107. No Novo Testamento, toda a beleza se concentra na pessoa de Jesus Cristo, revelador de Deus e “resplendor da glória do Pai, a expressão do seu ser” (Hb 1,3). Seu Evangelho é fascinante porque é uma Notícia bela, boa, alegre, cheia de esperança. Ele, “cheio de graça e verdade” (Jo 1,14), ao assumir a humanidade, narrou, por meio de parábolas, a beleza da ação de Deus. Em sua relação com as pessoas, disse belas palavras que, com sua eficácia, curam as profundezas da alma: “os teus pecados estão perdoados” (Mc 2,5), “Eu também não te condeno” (Jo 8,11), “De tal modo Deus amou o mundo” (Jo 3,16), “Vinde a mim, todos os que estais cansados e carregados de fardos, e eu vos darei descanso” (Mt 11,28). Ele realizou belas ações: Ele curou, libertou, acompanhou tocando as feridas da humanidade. Suportando a crueldade da sentença de morte como aquele que “não tinha aparência nem beleza” (Is 53,2), Ele foi reconhecido como “o mais belo entre os filhos dos homens” (Sl 45,3). Assim, ele elevou a humanidade, purificada, à glória do Pai, onde Ele mesmo está “à direita da majestade, nas alturas” (Hb 1,3) e assim revelou todo o poder transformador de sua Páscoa.

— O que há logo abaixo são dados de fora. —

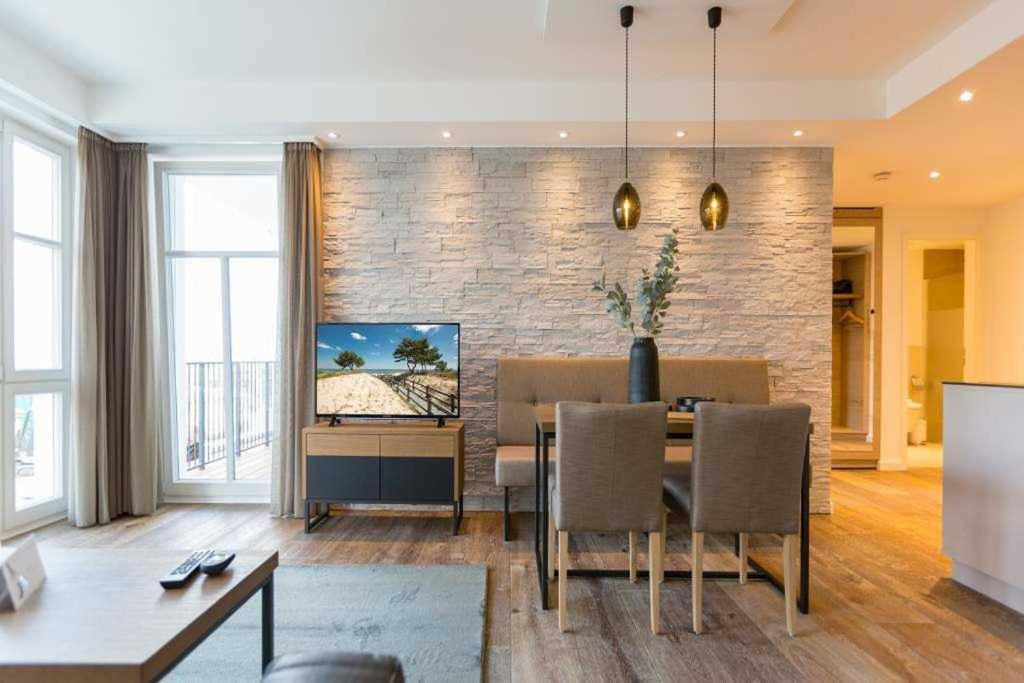 - un salon avec une table à manger et des chaises dans l'établissement Beachhouse Bansin App 08, à Bansin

108. A Igreja, portanto, tem presente que o anúncio do Ressuscitado, para alcançar o coração humano, deve brilhar com bondade, verdade e beleza. Nesse sentido, é necessário “que toda a catequese preste uma especial atenção à ‘via da beleza (via pulchritudinis)’” (EG, n. 167). 57 Toda beleza pode ser um caminho que ajuda o encontro com Deus, mas o critério de sua autenticidade não pode ser apenas o estético. É necessário discernir entre a verdadeira beleza e as formas aparentemente bonitas, mas vazias, ou mesmo nocivas, como o fruto proibido no paraíso terrestre (Gn 3,6). Os critérios se encontram na exortação paulina: “tudo o que é verdadeiro, tudo o que é digno de respeito, tudo o que é justo, tudo o que é puro, tudo o que é amável, tudo o que é honroso, se é virtude ou louvável, nisso pensai” (Fl 4,8).

109. A beleza é sempre e inseparavelmente imbuída da bondade e da verdade. Portanto, contemplar a beleza suscita no ser humano sentimentos de alegria, prazer, ternura, plenitude, significado, abrindo-o ao transcendente. A via da evangelização é a via da beleza e, portanto, toda forma de beleza é a fonte da catequese. Mostrando a primazia da graça, manifestada especialmente na Bem-aventurada Virgem Maria; fazendo conhecer a vida dos santos como verdadeiras testemunhas da beleza da fé; destacando a beleza e o mistério da criação; descobrindo e apreciando o incrível e imenso patrimônio litúrgico e artístico da Igreja; valorizando as mais altas formas de arte contemporânea, a catequese mostra concretamente a infinita beleza de Deus, que também se expressa nas obras humanas (SC, n. 122), e conduz os catequizandos para o belo dom que o Pai fez no seu Filho.



[1] Pontifício Conselho para a Promoção da Nova Evangelização, Diretório para a Catequese. Brasília: Edições CNBB, 2020, pp. 75-84.